What’s really great, though, is the individual stories and motivations of the three divers. Yoichi feels the pressure of the world on his shoulders, but more importantly the fact that his father treats him much more like a trainee than as his own son. At the same time, he feels his father is holding him back by not training him in more difficult dives. His decision later in the film provides one of the key turning points in the story.
For Shibuki’s part, as the rebellious outsider he thinks he’s got something to prove and wants to do it his own way. In reality, he is trying to follow in the footsteps of his grandfather–a world class diver in the 1930s who was unable to fulfill his own Olympic dreams due to the Second World War. Shibuki is motivated, then, almost by a sense of revenge–wanting to make certain that he can fulfill his Jii-san’s dream and show the world the Okitsu family’s ability.
Finally, the most endearing character (to me, anyway) is Tomoki. In some ways he’s just the archetype kid that has to work hard because he doesn’t have the “diving pedigree” of his other two rivals. But what was so great about the portrayal was seeing him lose many of the things he loves–his friends, his girlfriend (to his younger brother, no less) and even his ability to feed his sweet tooth–and yet keeps pushing to excel. Sure he’s the classic undiscovered prodigy, but his character and the way he was played rang true throughout–the normal, everyday, average boy who finally finds his place in the world and something at which he can truly excel.
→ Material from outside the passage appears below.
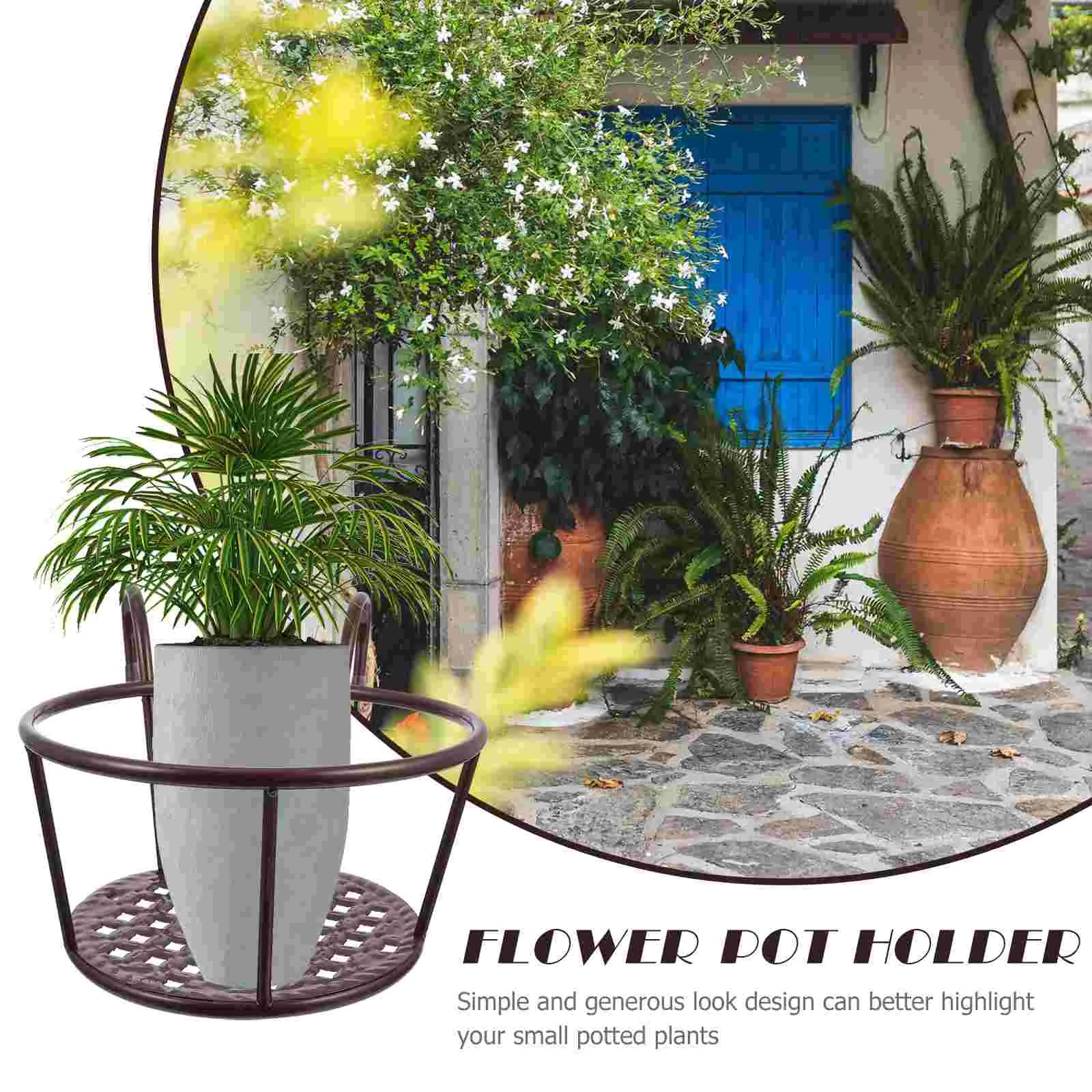 2 PCS Flower Pot Stand Indoor Plant Flowerpot Racks The Fence Garden Indoor Plant Standing Stands Iron Gardening Supplies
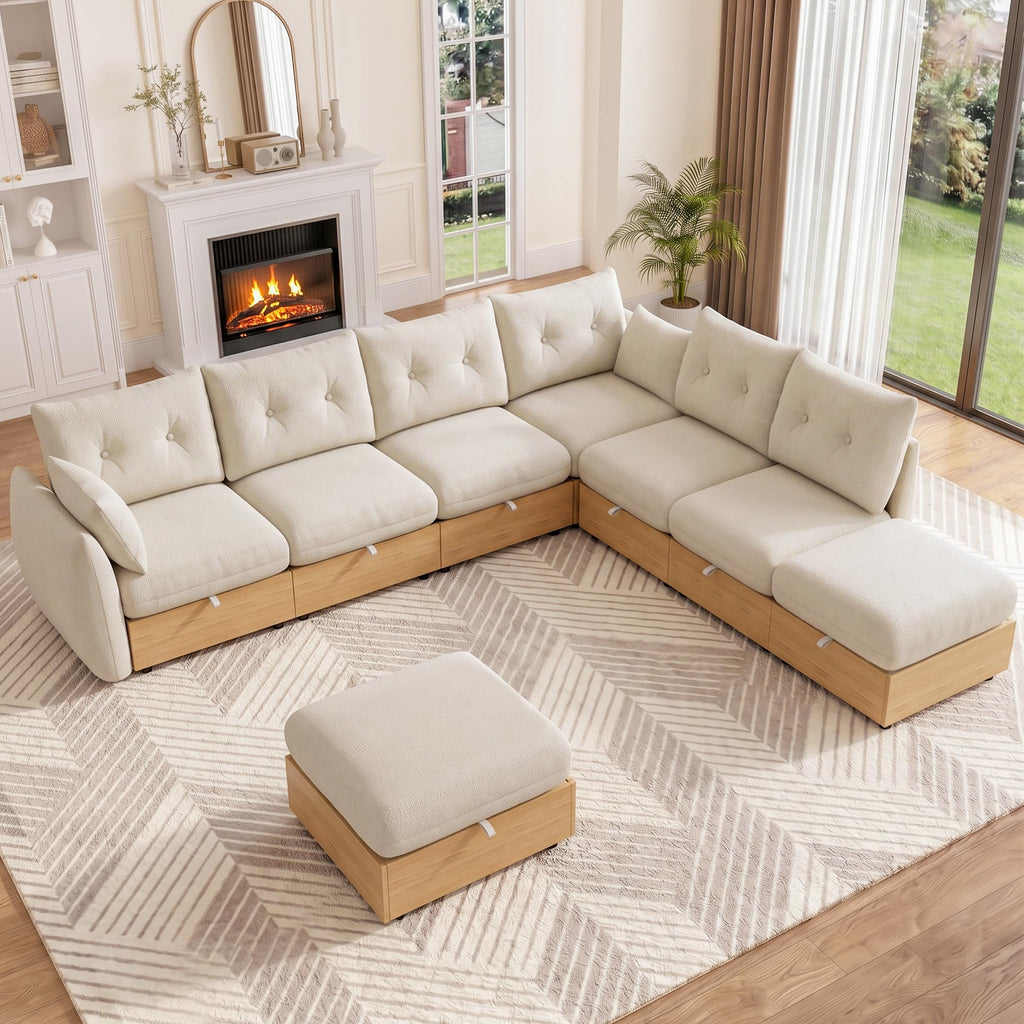 120'' U/V Shaped Cloud Couch Modular Sectional Sofa with Storage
It was as if Hayashi Kento was made to play this part, too–he was absolutely adorable (and while I really hate to use that word, it totally fits).
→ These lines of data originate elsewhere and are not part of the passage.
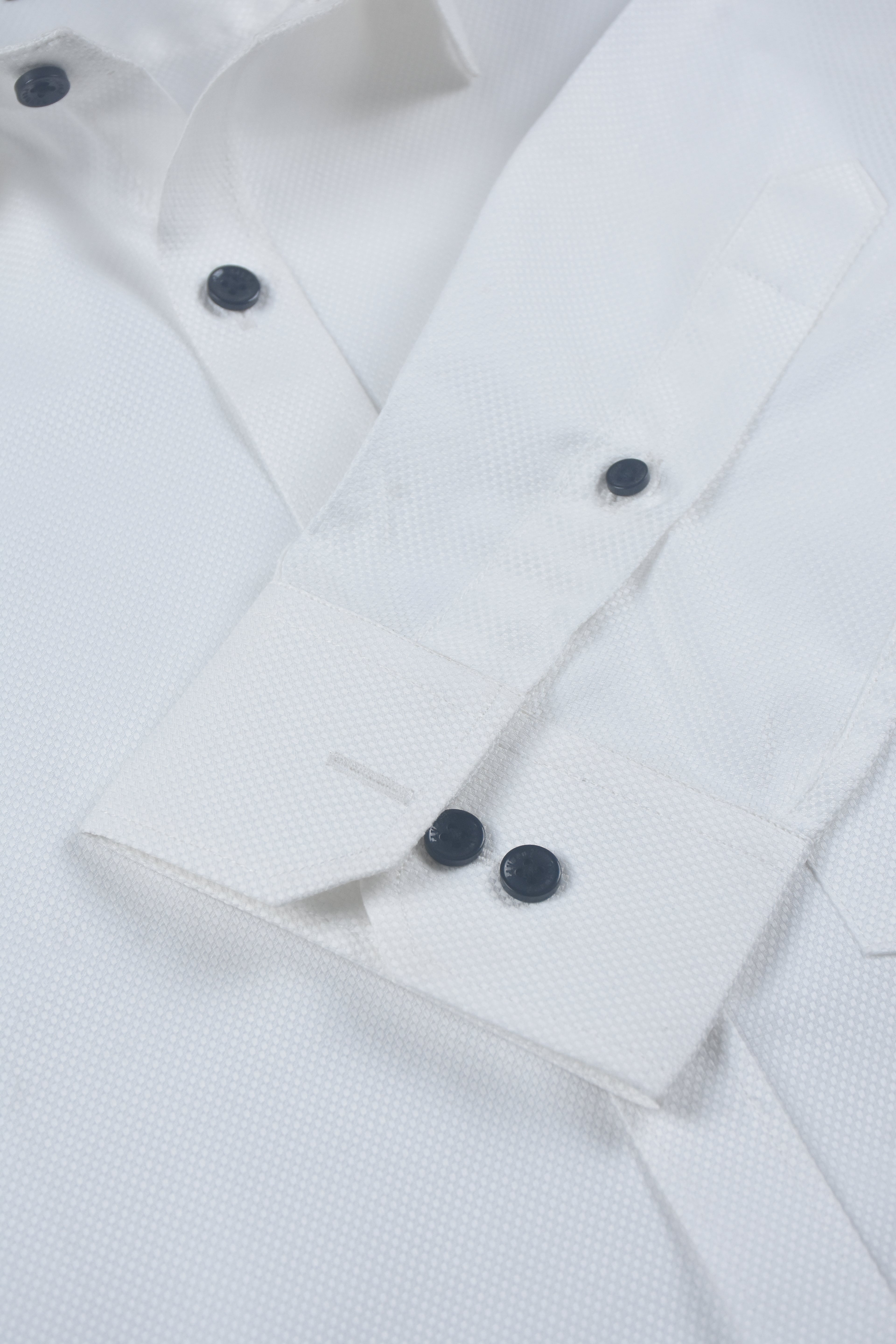 Solid White Dobby-Textured Shirt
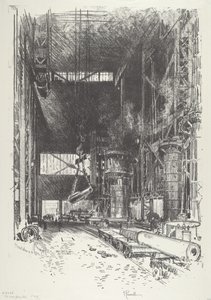 Az új fegyvergödör, 1916. alkotó: Joseph Pennell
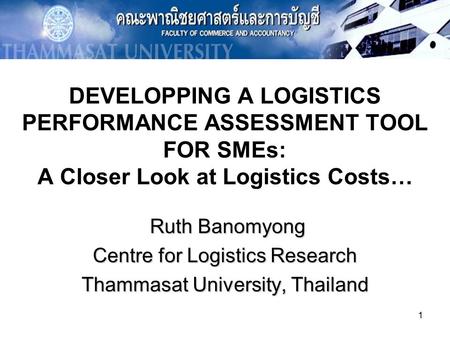 Ruth Banomyong Centre for Logistics Research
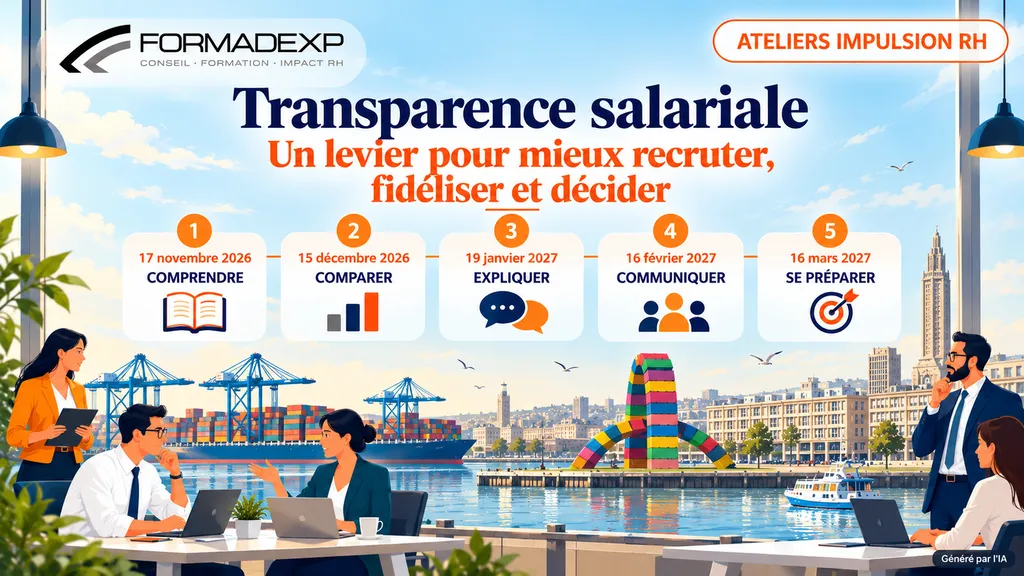 Ateliers Impulsion RH - Transparence salariale:5 ateliers de 2 heures à distance, organisé de novembre 2026 à mars 2027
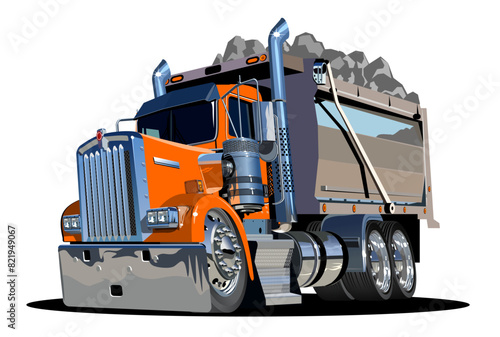 Vector Cartoon Dump Truck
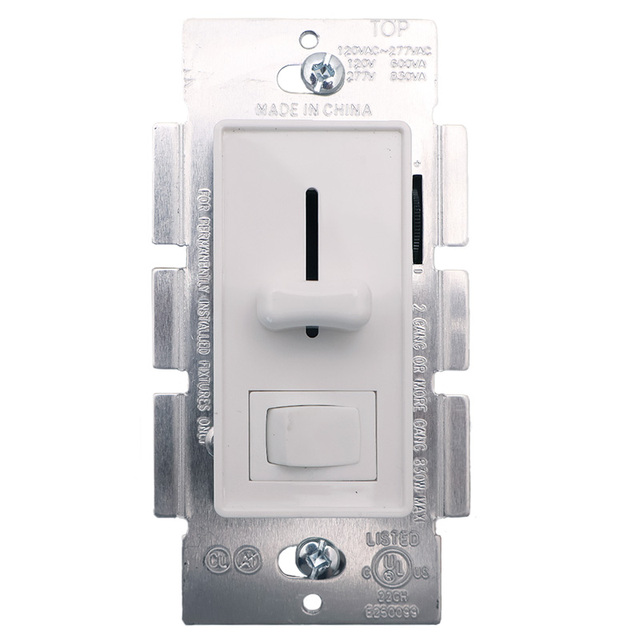 USLINSKY 0-10V Commercial Dimmer 120V/277V 5A/3A for LED/CFL, External Minimum Voltage Adjustment with 711 Wall Plate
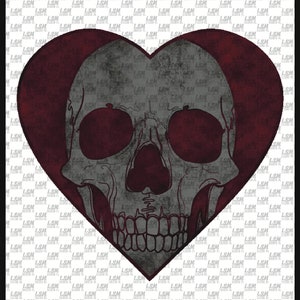 Distressed Skull Heart Valentine PNG Digital File Download Valentine&#39;s Day Anti-Valentine Dark Humor Sublimation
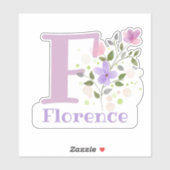 Sticker Nom Florence & Initiale avec Design Floral (Feuille)
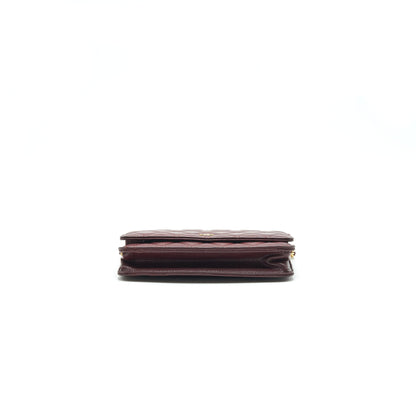 Chanel Burgundy Wallet on Chain Caviar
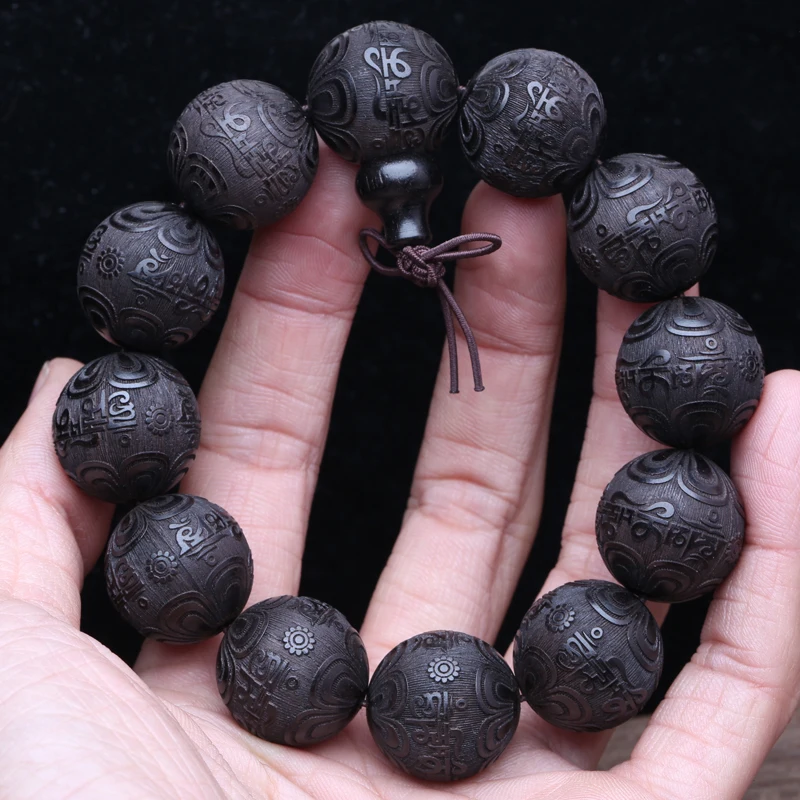 Authentic Natural Ebony Tibetan Six-Character Mantra Tibetan Prayer Wheel Bracelet 15mm Unisex Bracelet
The cinematography was fantastic too–beautiful sunny summer days, very typical cityscapes and homes and even some spectacular natural scenery (like the cliffs where Shibuki used to dive and the diving pool in the final competition). Even more awesome was the diving. I understand that the three actors trained for months before the filming and were even able to actually jump from the 10 meter tower, but in reality all the dives were performed by real divers–and they were truly awesome. The editing and cuts were so good that you had no trouble believing that the actors/characters were the ones doing the work.
And yes, I suppose there’s one last thing the film had going for it too: the fact that the main characters and most of the supporting cast spent half the film wearing nothing but their diving suits. When I see that many sets of perfect six-pack abs I have to admit that my jealousy meter really gets cranked up–now I just have to make sure I turn that into productive motivation for getting my own self in shape! Oh, how I wish I could be a teenager again…
If you are a fan of the beauty and grace of the sport of diving and want to see a well-done film with true-to-life portrayals of great characters, I’d recommend this film. You can probably only find it on Asian-region DVDs or possibly some kind of illegal download site (mine is a Region 3 DVD from Hong Kong that includes English subtitles).